Sanità, Seri: frattura grave tra città di Fano e Regione

FANO – La Giunta del Comune di Fano, unitamente al Sindaco Massimo Seri, esprime la sua netta contrarietà, nel metodo e nel merito, alla scelta annunciata dal Presidente della Regione Luca Ceriscioli di localizzare il nuovo Ospedale dell’Azienda Marche Nord nel sito di Muraglia di Pesaro. Il Presidente aveva chiesto ai Sindaci di pronunciarsi sulla localizzazione della nuova struttura, con la possibilità di integrare i criteri della scelta. Il sindaco di Fano ne ha proposti alcuni nell’ultima assemblea, ma non sono stati ammessi alla votazione. Sabato si è votato solo sul criterio dell’area pubblica senza voti contrari, ma diversi sindaci hanno firmato una richiesta di nuova riunione urgente per decidere quale area pubblica. Se i sindaci hanno un ruolo non si può chiedere loro di indicare un criterio, quello che interessa, e poi, subito dopo, negare loro la possibilità di esprimersi, responsabilmente, sul sito.

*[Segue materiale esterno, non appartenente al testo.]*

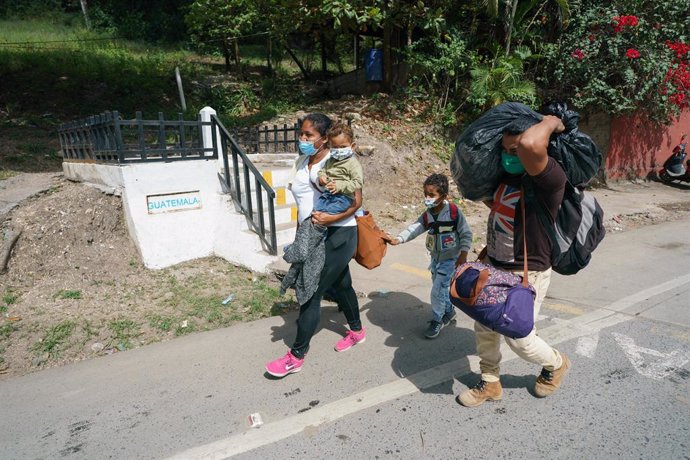 Archivo - January 19, 2021, El Florido, Honduras: At the Honduras-Guatemala border crossing in El Florido today meeting with people deported from Guatemala after heading north last week as part of a 6,000 person strong migrant caravan. Over 1,000 migran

L’annuncio di ieri da parte di Ceriscioli toglie ai sindaci la libertà e la responsabilità, anche di fronte ai propri cittadini, di decidere la questione in maniera chiara. Se non vi si pone rimedio si produce una frattura grave dei rapporti istituzionali, tra Regione e città di Fano, tra Regione e Sindaci, tra Regione e territori. E’ una imposizione inaccettabile. La Giunta comunale di Fano chiede pertanto che sia convocata immediatamente una nuova riunione dell’Assemblea di area vasta e che si dia la possibilità ai sindaci di pronunciarsi con chiarezza se preferiscono il sito di Muraglia o quello di Chiaruccia. Solo una scelta fatta in maniera trasparente e democratica può essere considerata legittima e accettabile, anche sotto il profilo istituzionale e legale.

Siamo sicuri che il presidente Ceriscioli terrà conto di questa posizione del governo della terza città delle Marche e che si adopererà per consentire ai sindaci di pronunciarsi, come già da essi richiesto e, peraltro, sempre da lui sostenuto. Siamo comunque pronti ad ogni ulteriore azione alla luce degli sviluppi della situazione.

Massimo Seri

e Stefano Marchegiani, Marina Bargnesi, Carla Cecchetelli, Caterina Del Bianco, Cristian Fanesi, Samuele Mascarin, Marco Paolini.